I have a couple of Burei autos.....the review is on here somewhere. Seiko MH 35a movements and good value :thumbsup:



Ian of Brighton said:


> I recently purchased the same model only mine came with the dongraded presentation box ,No gift bag and a cheap low quality punch pin for removing links from the bracelet which bent and broke.
> 
> I notice this one was also supplied with the proper removeall tool which holds the watch and bracelet.
> 
> ...


----------



## rodiow (Nov 6, 2004)

I've only had one Burei nothing wrong with them, ..... only my opinion I just feel they belong in a similar camp with Stuhrling and quite a few other strange sounding makers,

Not exceptional just ok


----------



## RWP (Nov 8, 2015)

rodiow said:


> I've only had one Burei nothing wrong with them, ..... only my opinion I just feel they belong in a similar camp with Stuhrling and quite a few other strange sounding makers,
> 
> Not exceptional just ok


 Even ok at that money is good.


----------



## Ian of Brighton (Jul 30, 2017)

Hi everyone.

As I already have already stated,I have two of these Burei's The second one is the Ultra slim precise movement gents watch with date at 6 o'clock luminous bayonet hands black face mounted on stainless steel bracelet with butterfly closure..With Saphire crystal dial lens.

Very well made everything works well nice crisp closur the second hand hits the second markers quite well and lovely clear lens.

Up to now appears to be keeping great time.
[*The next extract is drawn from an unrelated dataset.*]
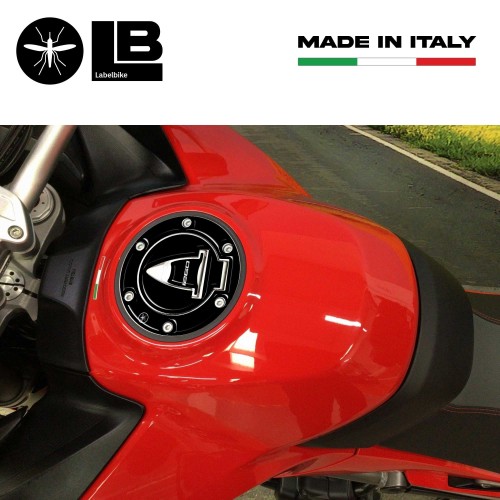 Gel ADHESIF 3D pour bouchon de réservoir MOTO compatible DUCATI MULTISTRADA 1260 noir 2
Unfortunately as stated before the presentation box is not with the pillow it is the rectangular box with two elasticated bands through which you have to try to pass the continuous folded bracelet with butterfly closure opened to secure the watch.

Quite unsuitable for bracelet watches,only suitable for leather strapped versions.

If Burei want to appear to offer quality time pieces and they certainly do offer great products for the price,Then they should not spoil the standards that they try to set with inferior unsuitable presentation storage containers.

I have recently come across Boccia wristwatches which appear to offer a much superior product with great presentation pack and at perhaps better quality for the money.

I would be intersted to hear fom anyone who has tried the classic simplitic designed slim gents boccias .They have titanium bodie and are extremely light and supplied wih Synthetic Saphire dial lens. for less than £50.00 and claim to use quality leather straps on this model.

They offer a good choice.



Daz. said:


> That looks good, l like it


 very nice


----------



## RWP (Nov 8, 2015)

Had a Titanium Boccia on a bracelet. John has it now, or had, nice watch, well made :thumbsup:


----------